Batı demişken, devam edelim.
Eee, Batı’yı bu denli
yererken, bugün Suriye’den Batı
topraklarına kaçan insanları görmüyor muyum?
Hatta İslam dünyasından.
Bizim topraklarımızda bu denli acımasız olan Batı’nın, kendi topraklarında
bize karşı ne kadar zalim olabileceğini de siz bilmiyor, değilsiniz.
Dikkat edin. Kuşları kafese kıstırırsanız, kuş kafesten çıkmak
için onu kafese tıkanın eline, yani kapıya doğru kaçmaya çalışır. Ama kafesten
dışarı çıkınca da o kuşları artık ne sizin eliniz ne kafesiniz ilgilendirir.
Türkiye, bu kafesin kapısını tutan elden medet ummadı. Başka bir
yerden uzun sürse de kafesi delmeye çalıştı. Ve deldi de. Ve Batı’nın dünya
üstündeki kafesinin delinmesi, kırılması insanlığa umut vaat ediyor.

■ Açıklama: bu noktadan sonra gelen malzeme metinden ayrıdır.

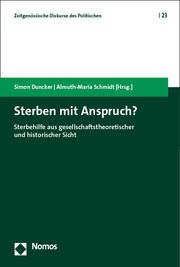 Sterben mit Anspruch? Simon Duncker/Almuth-Maria Schmidt 9783848775996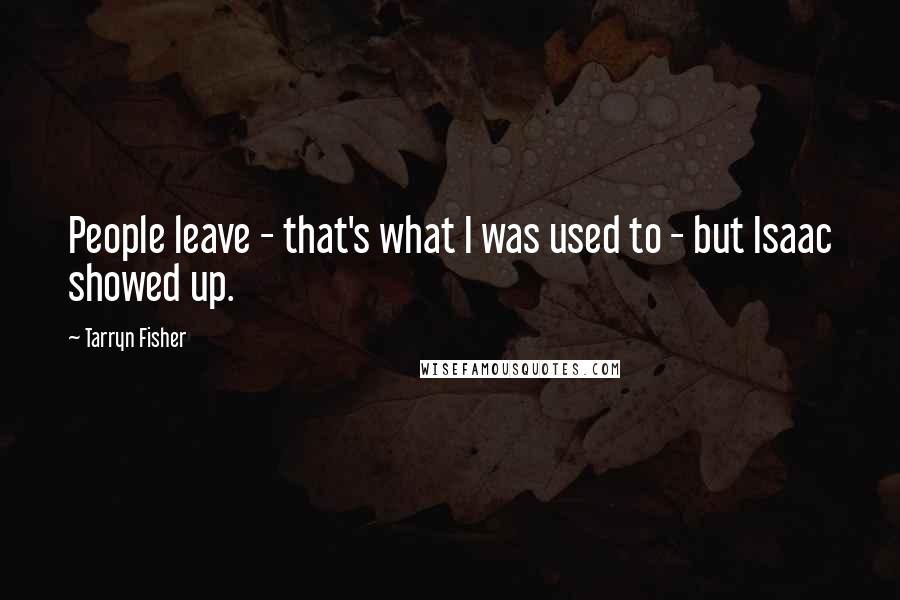 Tarryn Fisher Quotes: People leave - that's what I was used to - but Isaac showed up.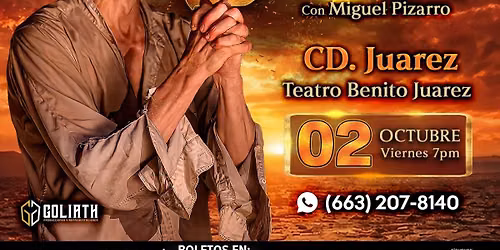 Todos Somos Job - Con Miguel Pizarro en Ciudad Ju\u00e1rez 2026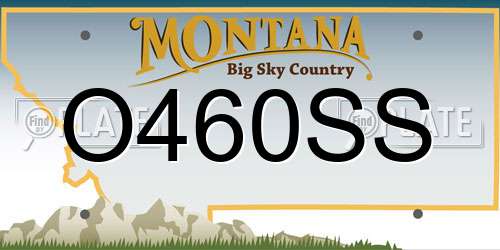 O460SS Montana License Plate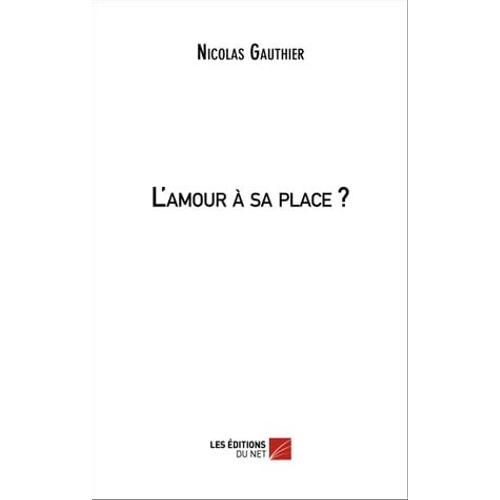 L'amour À Sa Place ?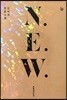 N. E. W.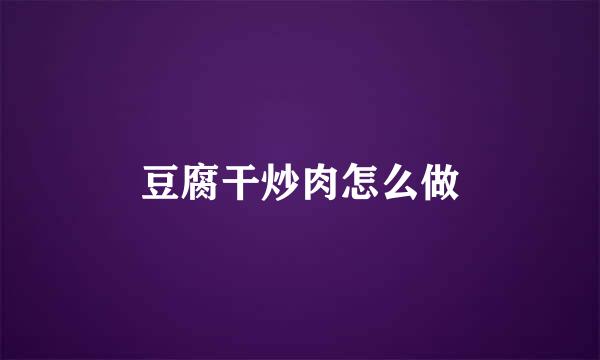 豆腐干炒肉怎么做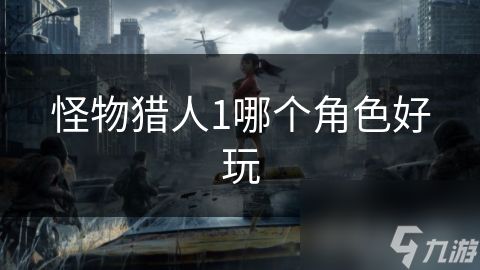 怪物猎人1哪个角色好玩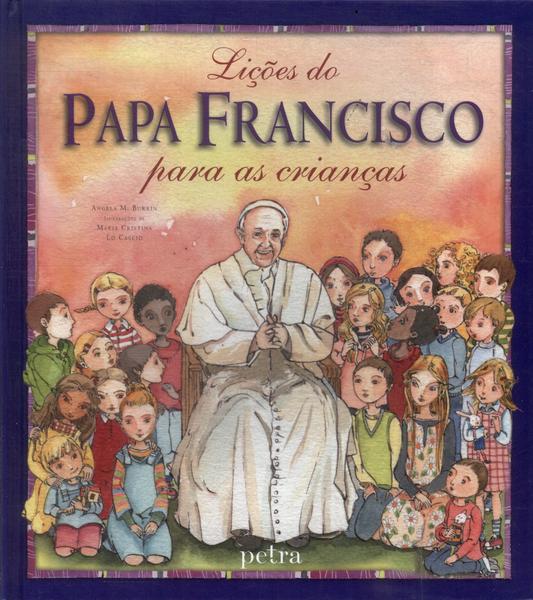 Lições Do Papa Francisco Para Crianças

Çünkü Batı fikri
bile bizi acayip derecede bunaltmaya yetiyor.
İnsanlar yeşil, sulak yerde; oturma makinesi olan evlerden öte, toprağa sırt vermiş; özgür, şerefli bir hayatın peşinde.
Bu idea da Batı ile hiç uyuşmuyor.
Modernizm, bugün gençlere tiksinti verecek kadar eski. Kaba. Ve
çıkmaz sokak.
Bitirilmesi gereken hedef: Modernizm.